Interestingly enough, Medgar Evers College Preparatory School in Brooklyn is also allowed to choose its own students; it is exempt from the city’s placement algorithm. But now, the Mayor (Nixon was on stage for his January swearing in and her wife has worked for his administration) would like to change that. It’s not fair that they should have this exemption, he’s said.
He’s said nothing about The Center School.
Then again, Medgar Evers is 71 percent Free Lunch. And The Center School is… not. (Six percent at last count.)
It was, in fact, The Center School, that first brought Nixon to the forefront of educational advocacy.
In 2008, the DOE announced that it would be moving The Center School from the building it shared with PS 199, a dozen or so blocks north, to co-locate with PS 9.
Nixon became the public face of the parents fighting to block the move. When their argument that it would be too traumatic for the children to switch buildings didn’t gain much sympathy (as one Urban Baby mom clucked, “The poor child, unable to navigate the Upper West Side!”), they switched tactics and passionately argued that moving The Center School out of PS 199’s space would make the building even whiter that it already was. (PS 199 is currently 62% White. The Center School is 60%.) The Center School, they insisted, contributed diversity!
No one dwelled on the fact that is was the same kind of segregation in the name of diversity that the New York Times called PS 163 out for. It’s what the 2017 Upper West Side rezoning continues to this day.
Still, I come not to bury Nixon, but to praise her.
One of the most important attributes politicians can possess is being able to get into bed with anyone, no matter how distasteful, as long it ultimately helps them to achieve their goal.

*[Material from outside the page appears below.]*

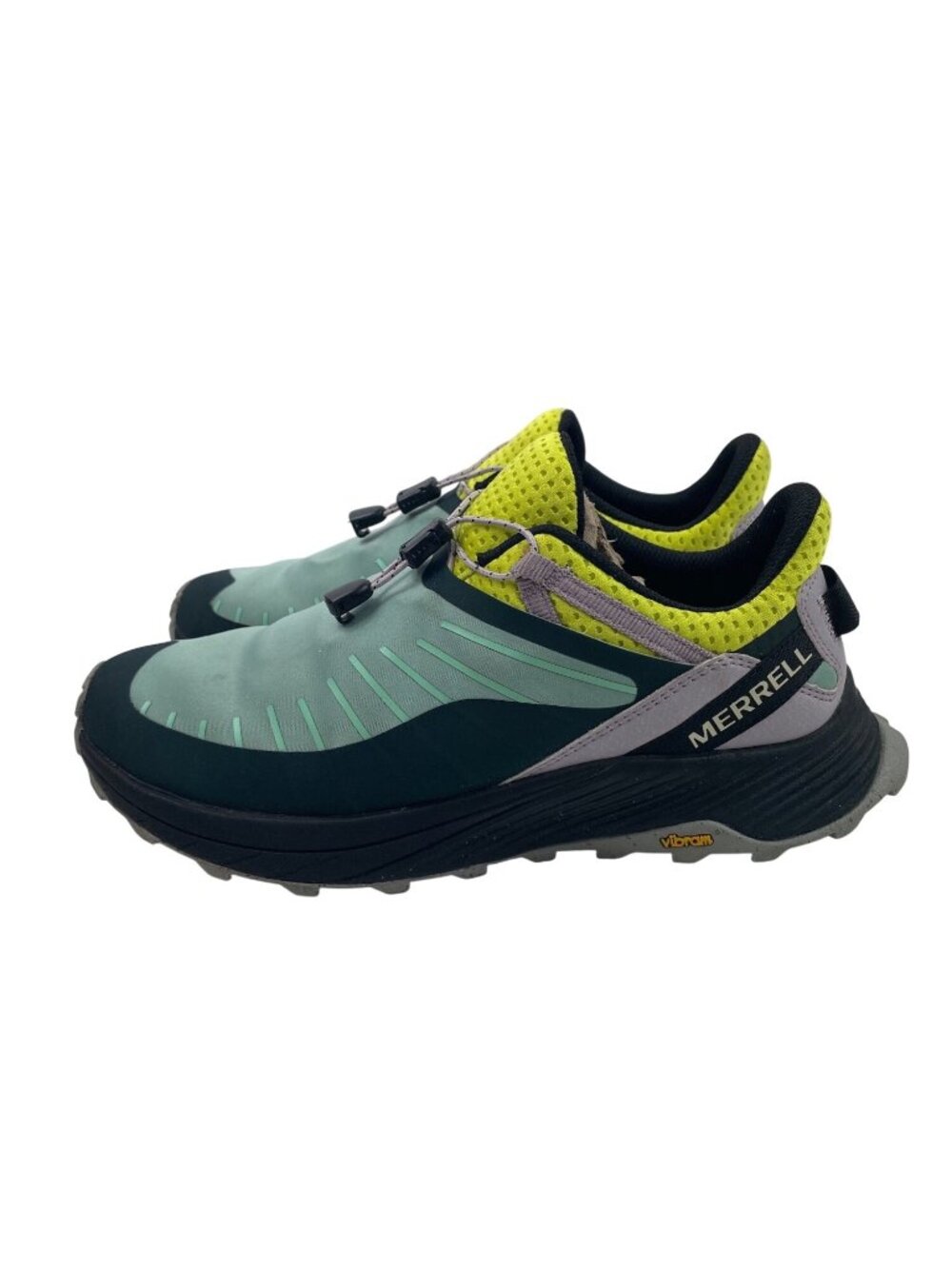 Merrell Womens Embark Lace Shield Sneakers Jade Green Size 9 Vibram Sole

During The Great Center School battle, I sat next to Nixon, as both of our children were being tutored at the now defunct Score Learning Center. (This was her middle child, Charlie, who while attending the public school which Nixon insisted could meet the needs of any child, so there was no reason for parents to explore other options, was also getting outside tutoring, like so many others, which makes assessing a school’s actual value add to their posted test scores a difficult proposition. Hey, remember when, at Nixon’’s urging, co-star Sarah Jessica Parker swore she’d send her son to public school? She didn’t.)
The reason that The Center School was being relocated was because PS 199 had grown unbearably overcrowded, thanks to a complex of new high-rises going up in their zone.
So, while our sons were being tutored, Nixon repeatedly worked her cell-phone, trying to get the complex’s developer on the line so she could persuade him to support her cause, and keep The Center School at its current location.
Donald Trump declined to take the call.